▼
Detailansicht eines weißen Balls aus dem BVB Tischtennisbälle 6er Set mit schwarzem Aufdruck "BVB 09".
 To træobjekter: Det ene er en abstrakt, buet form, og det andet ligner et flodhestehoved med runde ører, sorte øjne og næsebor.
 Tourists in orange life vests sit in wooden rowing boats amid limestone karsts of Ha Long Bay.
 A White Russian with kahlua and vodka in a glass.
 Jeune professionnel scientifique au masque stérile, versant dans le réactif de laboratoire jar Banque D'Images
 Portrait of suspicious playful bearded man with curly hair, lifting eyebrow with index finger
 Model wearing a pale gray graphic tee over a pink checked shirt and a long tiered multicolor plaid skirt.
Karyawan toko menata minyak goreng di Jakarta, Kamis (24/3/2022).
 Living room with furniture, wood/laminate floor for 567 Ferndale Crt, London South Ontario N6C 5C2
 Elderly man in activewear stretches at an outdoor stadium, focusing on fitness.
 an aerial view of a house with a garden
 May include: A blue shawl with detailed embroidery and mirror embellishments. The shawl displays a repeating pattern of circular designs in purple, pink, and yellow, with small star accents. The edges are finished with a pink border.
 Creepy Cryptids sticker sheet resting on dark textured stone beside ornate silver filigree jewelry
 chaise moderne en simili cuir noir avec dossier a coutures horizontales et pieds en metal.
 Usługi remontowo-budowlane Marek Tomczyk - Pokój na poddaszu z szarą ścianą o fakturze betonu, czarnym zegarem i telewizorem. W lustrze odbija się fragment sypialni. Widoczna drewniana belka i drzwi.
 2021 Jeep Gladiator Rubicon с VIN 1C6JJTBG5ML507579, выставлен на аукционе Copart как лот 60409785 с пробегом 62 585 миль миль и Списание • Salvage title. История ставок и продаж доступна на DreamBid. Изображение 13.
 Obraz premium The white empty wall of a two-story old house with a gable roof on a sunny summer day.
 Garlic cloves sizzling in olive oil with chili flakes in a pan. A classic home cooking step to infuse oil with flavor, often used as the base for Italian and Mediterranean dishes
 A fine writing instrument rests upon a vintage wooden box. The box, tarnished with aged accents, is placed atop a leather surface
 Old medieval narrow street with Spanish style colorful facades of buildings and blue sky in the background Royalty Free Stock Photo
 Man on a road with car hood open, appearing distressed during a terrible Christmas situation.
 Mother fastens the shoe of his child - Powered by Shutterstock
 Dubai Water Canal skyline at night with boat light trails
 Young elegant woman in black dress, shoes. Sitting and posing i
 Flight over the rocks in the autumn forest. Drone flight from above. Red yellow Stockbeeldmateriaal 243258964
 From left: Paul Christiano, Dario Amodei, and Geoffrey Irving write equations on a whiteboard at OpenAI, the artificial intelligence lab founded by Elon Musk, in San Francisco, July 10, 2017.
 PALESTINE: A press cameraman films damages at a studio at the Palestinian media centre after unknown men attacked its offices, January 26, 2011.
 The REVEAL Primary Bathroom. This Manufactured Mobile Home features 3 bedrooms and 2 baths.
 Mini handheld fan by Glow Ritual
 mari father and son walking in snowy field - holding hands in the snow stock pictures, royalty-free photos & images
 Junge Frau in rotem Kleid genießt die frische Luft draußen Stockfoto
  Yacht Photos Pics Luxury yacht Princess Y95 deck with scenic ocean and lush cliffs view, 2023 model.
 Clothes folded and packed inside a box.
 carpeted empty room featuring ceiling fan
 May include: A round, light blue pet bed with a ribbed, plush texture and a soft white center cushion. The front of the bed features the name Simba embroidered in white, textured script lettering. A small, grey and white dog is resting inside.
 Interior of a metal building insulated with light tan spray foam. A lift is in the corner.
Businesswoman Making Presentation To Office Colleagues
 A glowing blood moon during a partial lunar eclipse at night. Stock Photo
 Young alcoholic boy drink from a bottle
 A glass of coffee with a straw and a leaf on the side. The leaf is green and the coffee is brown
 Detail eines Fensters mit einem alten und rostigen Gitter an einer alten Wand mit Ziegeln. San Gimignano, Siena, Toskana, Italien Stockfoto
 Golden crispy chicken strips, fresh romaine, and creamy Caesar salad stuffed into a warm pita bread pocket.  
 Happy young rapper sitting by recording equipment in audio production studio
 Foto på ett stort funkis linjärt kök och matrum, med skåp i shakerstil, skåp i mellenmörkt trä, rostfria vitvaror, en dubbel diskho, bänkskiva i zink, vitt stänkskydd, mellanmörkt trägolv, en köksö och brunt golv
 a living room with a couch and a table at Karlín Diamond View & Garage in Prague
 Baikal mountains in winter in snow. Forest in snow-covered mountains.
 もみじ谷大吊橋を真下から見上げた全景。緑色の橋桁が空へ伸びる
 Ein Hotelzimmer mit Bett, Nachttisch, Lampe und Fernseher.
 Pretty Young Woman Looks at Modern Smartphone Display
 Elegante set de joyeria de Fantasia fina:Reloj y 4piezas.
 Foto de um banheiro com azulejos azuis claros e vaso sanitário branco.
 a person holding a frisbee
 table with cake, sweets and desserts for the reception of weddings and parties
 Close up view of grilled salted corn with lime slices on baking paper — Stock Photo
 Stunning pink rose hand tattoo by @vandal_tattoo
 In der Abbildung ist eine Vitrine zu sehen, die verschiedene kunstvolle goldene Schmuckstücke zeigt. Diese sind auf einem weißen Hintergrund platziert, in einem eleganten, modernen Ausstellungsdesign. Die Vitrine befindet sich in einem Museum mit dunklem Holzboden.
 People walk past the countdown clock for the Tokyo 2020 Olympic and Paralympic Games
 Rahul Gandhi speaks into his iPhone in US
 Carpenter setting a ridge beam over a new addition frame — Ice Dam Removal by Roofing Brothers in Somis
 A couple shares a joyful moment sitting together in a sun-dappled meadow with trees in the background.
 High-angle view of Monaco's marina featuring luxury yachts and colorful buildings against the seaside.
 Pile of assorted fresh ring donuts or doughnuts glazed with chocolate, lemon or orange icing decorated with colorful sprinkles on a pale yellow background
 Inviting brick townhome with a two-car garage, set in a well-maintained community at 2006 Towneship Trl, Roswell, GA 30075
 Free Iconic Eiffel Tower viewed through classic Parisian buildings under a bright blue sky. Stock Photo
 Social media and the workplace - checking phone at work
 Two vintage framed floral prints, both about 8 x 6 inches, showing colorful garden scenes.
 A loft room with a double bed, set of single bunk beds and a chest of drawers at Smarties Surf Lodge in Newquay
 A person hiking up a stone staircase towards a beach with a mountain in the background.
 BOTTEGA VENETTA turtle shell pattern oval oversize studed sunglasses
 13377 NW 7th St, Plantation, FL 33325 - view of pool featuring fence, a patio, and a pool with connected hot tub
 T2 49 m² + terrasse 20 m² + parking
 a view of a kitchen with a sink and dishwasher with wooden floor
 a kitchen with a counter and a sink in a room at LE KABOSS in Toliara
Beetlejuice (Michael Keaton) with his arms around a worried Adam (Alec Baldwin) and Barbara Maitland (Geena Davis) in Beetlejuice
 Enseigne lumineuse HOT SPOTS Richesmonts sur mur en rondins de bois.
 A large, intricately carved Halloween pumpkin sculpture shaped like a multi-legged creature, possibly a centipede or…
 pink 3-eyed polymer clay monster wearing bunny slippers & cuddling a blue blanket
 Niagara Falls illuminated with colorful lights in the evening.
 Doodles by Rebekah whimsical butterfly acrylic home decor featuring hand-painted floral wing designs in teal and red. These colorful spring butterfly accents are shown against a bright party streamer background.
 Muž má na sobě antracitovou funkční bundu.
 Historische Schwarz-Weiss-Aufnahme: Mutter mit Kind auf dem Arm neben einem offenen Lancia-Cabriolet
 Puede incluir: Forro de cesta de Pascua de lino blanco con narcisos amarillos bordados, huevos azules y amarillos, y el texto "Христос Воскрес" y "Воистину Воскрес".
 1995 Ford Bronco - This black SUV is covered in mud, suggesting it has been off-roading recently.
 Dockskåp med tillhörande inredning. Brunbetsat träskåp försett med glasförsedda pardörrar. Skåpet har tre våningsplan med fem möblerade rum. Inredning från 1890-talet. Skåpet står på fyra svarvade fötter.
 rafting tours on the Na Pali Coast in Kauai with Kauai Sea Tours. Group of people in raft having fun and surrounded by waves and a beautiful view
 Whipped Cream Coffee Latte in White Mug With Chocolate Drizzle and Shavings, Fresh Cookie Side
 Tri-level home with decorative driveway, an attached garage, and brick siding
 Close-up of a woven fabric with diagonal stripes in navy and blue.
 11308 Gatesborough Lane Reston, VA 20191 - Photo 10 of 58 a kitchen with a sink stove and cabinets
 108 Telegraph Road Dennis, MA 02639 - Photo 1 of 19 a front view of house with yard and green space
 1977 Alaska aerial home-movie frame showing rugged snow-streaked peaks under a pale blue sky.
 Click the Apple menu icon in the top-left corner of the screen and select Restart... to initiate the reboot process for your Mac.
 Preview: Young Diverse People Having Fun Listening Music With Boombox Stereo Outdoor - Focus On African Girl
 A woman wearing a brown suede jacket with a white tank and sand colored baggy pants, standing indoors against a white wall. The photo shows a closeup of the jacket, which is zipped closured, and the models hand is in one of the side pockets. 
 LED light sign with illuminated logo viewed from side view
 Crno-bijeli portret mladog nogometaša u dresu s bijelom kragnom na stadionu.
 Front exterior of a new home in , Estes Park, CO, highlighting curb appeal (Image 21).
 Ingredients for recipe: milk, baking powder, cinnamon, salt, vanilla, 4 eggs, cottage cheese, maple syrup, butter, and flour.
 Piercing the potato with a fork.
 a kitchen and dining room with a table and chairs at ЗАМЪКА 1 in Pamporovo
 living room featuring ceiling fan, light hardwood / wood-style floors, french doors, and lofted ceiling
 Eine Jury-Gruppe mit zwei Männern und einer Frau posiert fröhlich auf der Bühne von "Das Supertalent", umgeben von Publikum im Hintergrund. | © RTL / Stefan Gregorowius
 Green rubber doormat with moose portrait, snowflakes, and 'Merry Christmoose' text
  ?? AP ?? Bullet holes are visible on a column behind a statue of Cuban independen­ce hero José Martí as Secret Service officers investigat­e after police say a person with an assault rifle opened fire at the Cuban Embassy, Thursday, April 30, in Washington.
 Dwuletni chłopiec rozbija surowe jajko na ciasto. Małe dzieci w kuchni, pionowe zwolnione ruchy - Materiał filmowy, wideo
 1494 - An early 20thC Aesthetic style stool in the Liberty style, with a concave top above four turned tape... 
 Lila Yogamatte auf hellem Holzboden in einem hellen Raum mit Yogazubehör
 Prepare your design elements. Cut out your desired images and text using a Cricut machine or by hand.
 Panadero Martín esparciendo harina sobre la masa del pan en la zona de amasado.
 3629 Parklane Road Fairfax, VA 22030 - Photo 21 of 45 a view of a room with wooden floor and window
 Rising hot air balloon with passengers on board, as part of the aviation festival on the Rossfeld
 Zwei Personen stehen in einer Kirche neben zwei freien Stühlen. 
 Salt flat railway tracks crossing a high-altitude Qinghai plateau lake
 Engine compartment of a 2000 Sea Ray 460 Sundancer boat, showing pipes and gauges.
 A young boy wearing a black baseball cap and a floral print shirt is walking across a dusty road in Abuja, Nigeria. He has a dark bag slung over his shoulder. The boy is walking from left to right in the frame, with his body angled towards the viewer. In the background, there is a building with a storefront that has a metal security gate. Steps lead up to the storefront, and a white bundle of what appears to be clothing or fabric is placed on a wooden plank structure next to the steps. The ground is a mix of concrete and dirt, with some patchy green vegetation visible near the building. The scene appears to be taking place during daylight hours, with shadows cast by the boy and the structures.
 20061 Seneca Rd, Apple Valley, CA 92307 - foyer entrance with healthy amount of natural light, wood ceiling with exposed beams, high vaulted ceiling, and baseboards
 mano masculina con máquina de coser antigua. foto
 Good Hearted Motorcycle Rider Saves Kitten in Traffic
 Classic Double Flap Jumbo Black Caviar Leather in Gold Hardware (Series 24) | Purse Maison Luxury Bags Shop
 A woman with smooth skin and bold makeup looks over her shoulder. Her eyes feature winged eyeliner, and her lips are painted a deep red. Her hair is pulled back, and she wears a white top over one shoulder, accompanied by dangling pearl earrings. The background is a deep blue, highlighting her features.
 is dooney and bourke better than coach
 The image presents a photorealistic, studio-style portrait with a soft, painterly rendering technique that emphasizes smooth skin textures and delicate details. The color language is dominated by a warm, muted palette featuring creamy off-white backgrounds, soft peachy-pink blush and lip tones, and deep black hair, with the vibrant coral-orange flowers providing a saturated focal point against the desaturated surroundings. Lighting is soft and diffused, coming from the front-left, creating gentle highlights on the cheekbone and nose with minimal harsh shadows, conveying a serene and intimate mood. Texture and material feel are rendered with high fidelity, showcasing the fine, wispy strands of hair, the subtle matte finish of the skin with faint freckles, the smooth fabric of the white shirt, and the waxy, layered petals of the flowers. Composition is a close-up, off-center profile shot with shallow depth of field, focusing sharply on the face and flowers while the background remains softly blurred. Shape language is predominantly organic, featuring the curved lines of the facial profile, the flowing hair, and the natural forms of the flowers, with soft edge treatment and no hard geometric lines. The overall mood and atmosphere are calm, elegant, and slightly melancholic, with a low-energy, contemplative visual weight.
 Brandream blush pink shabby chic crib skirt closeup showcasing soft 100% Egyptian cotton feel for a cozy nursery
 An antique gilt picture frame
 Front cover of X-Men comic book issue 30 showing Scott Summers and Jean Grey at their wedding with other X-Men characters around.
▲
Give an exact copy of the lines above from the line with "a living room" up to and including the line with "In der Abbildung", and leave everything else out.

 a living room with a couch and a table at Karlín Diamond View & Garage in Prague
 Baikal mountains in winter in snow. Forest in snow-covered mountains.
 もみじ谷大吊橋を真下から見上げた全景。緑色の橋桁が空へ伸びる
 Ein Hotelzimmer mit Bett, Nachttisch, Lampe und Fernseher.
 Pretty Young Woman Looks at Modern Smartphone Display
 Elegante set de joyeria de Fantasia fina:Reloj y 4piezas.
 Foto de um banheiro com azulejos azuis claros e vaso sanitário branco.
 a person holding a frisbee
 table with cake, sweets and desserts for the reception of weddings and parties
 Close up view of grilled salted corn with lime slices on baking paper — Stock Photo
 Stunning pink rose hand tattoo by @vandal_tattoo
 In der Abbildung ist eine Vitrine zu sehen, die verschiedene kunstvolle goldene Schmuckstücke zeigt. Diese sind auf einem weißen Hintergrund platziert, in einem eleganten, modernen Ausstellungsdesign. Die Vitrine befindet sich in einem Museum mit dunklem Holzboden.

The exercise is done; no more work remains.